The rise of Shenzhen, China’s Silicon Valley – from seaside town to fast-moving city with secret pockets of tranquillity
- A little over four decades ago, Shenzhen was a fishing town on China’s south coast. Today, it boasts the highest GDP per capita in China
- ‘The Silicon Valley of China’ is now home to tech giants, graduates and entrepreneurs – but look closer and you can still see its roots and a slower way of life

Trees may be nature’s most reliable gauge of the passing of time; a seed cannot be rushed into becoming a tree regardless of how much nourishment is provided.
In that sense, the arboreal bounty that neatly lines many of Shenzhen’s roads may be one of the southern Chinese city’s most obvious anomalies – a feature that has not been hastened by “Shenzhen speed”.
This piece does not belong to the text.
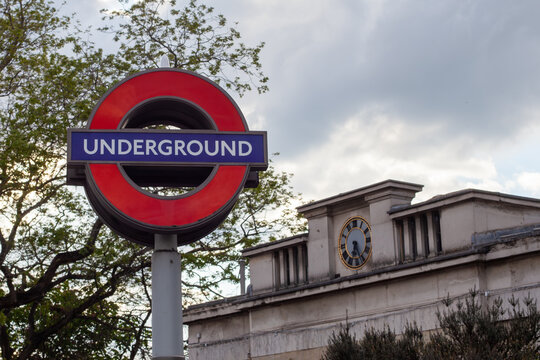 London, United Kingdom May 04 2023 London Underground sign at Green Park station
The change of nearly everything else in this metropolis – birthed in the late 1970s as a testing ground for radical economic policy reforms – took on such unprecedented momentum that a term had to be coined to describe it.
A town of little more than 300,000 people at the time, Shenzhen was one of China’s first four special economic zones (SEZ), which were allowed to adopt capitalistic practices ahead of the rest of the country.

Deng’s statue stands tall and proud at the highest point of the city’s Lianhuashan Park, overlooking the central business district of Futian, where the high rises extend beyond what looks like a huge bird about to take flight. This government building, the Civic Centre, was constructed in the 1990s to symbolise the ambition of the nascent metropolis.